*Goal of the exercise*
Instruction for the entries that follow: retype exactly the lines from the line with "Express Pleated Skirt - Picture 2 of 2" to the line with "Castle Outlook At Ryedale House Apartment", both included, and omit all others.

*Extracted entries*
=== Section Start ===

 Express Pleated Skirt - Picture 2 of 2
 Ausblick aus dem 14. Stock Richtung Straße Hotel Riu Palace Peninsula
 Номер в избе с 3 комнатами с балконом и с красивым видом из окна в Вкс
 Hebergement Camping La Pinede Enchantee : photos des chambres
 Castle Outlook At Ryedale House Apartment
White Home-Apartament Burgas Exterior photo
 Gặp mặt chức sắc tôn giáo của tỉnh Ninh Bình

=== Section End ===
=== Section Start ===

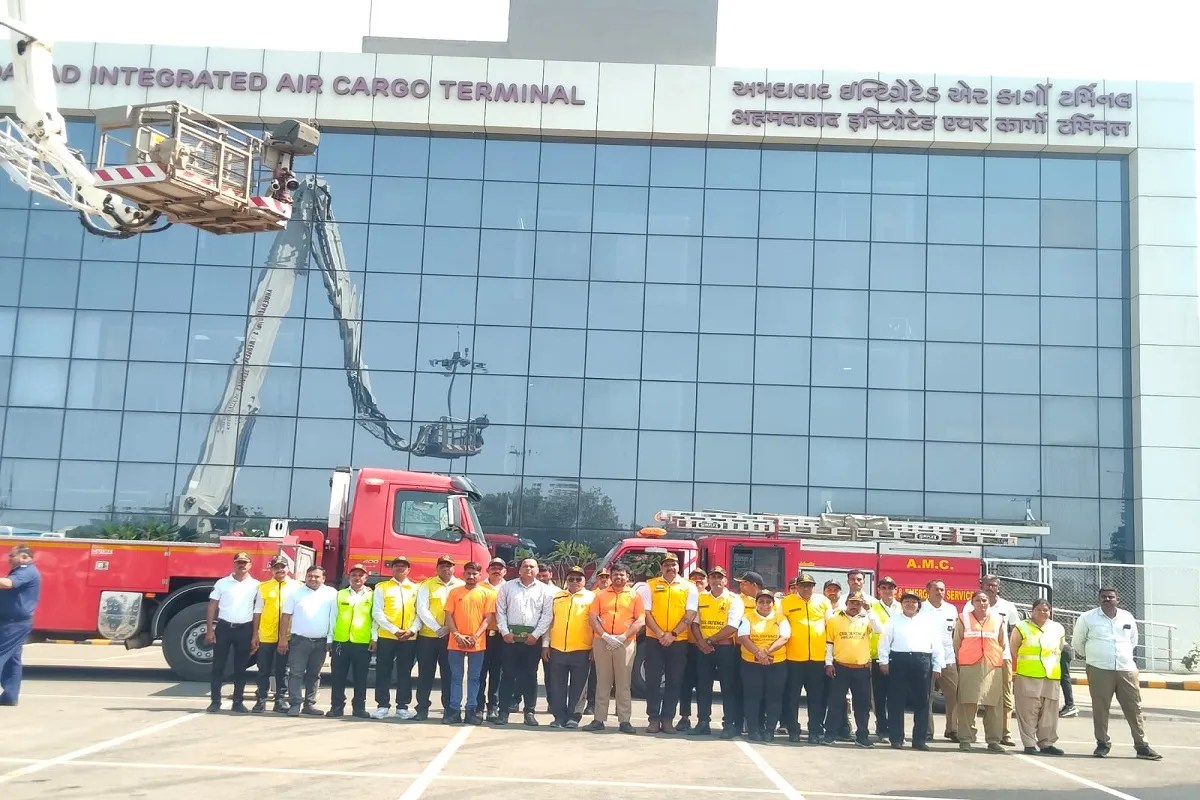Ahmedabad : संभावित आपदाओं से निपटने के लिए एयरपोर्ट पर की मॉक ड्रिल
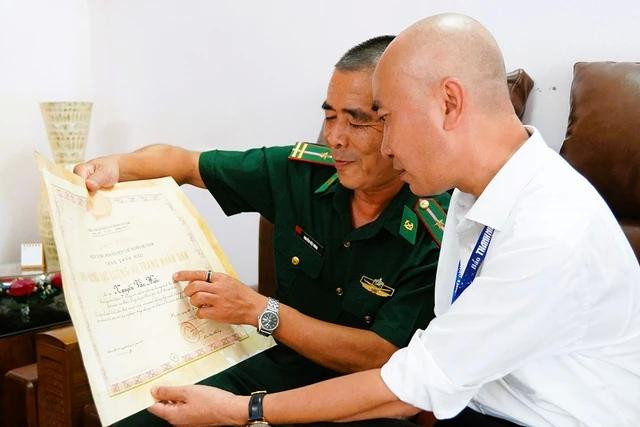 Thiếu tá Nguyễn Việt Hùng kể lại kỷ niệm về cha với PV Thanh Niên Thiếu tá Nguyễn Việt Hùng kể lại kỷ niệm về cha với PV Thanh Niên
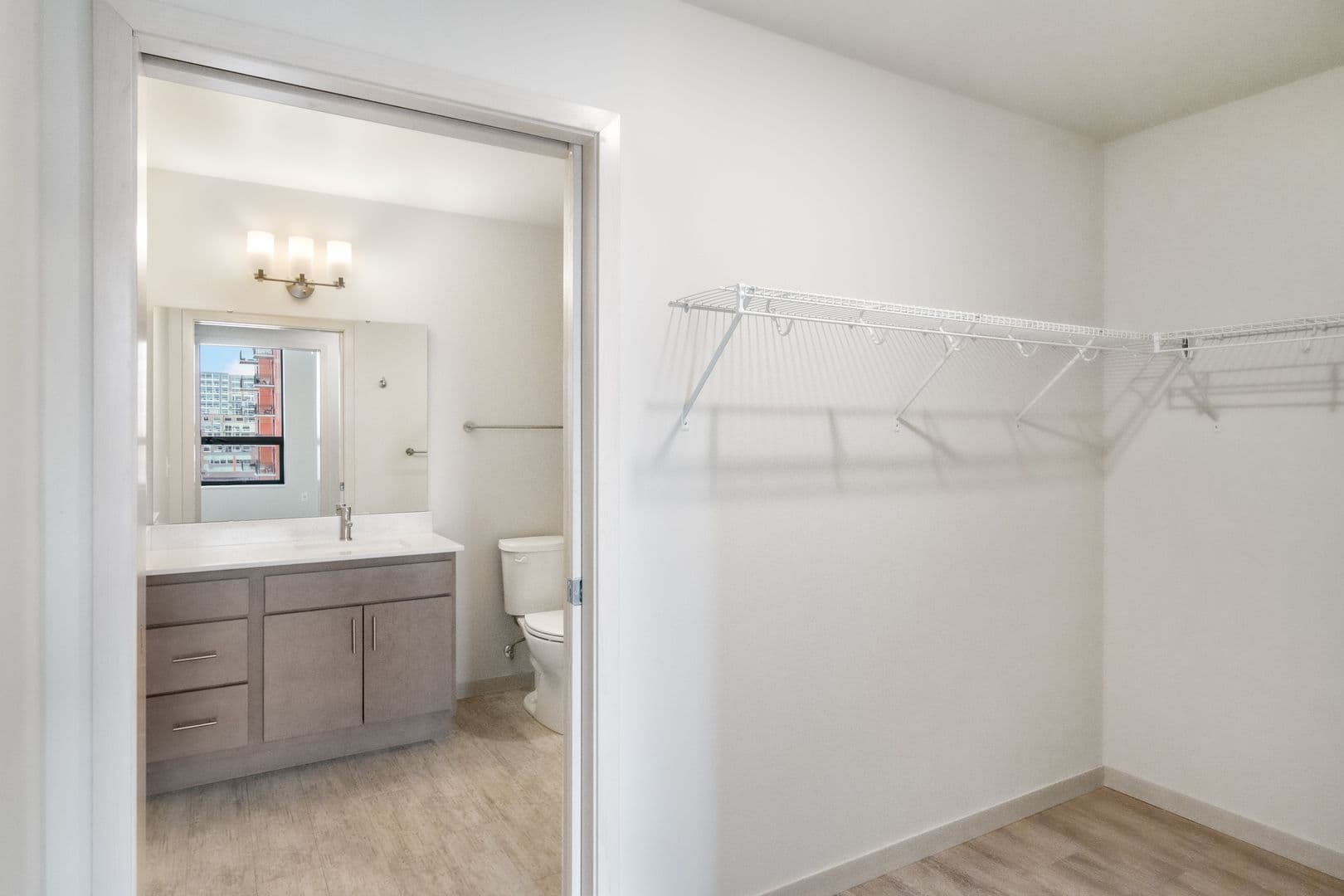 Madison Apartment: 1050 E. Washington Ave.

=== Section End ===

*Exercise result*
 Express Pleated Skirt - Picture 2 of 2
 Ausblick aus dem 14. Stock Richtung Straße Hotel Riu Palace Peninsula
 Номер в избе с 3 комнатами с балконом и с красивым видом из окна в Вкс
 Hebergement Camping La Pinede Enchantee : photos des chambres
 Castle Outlook At Ryedale House Apartment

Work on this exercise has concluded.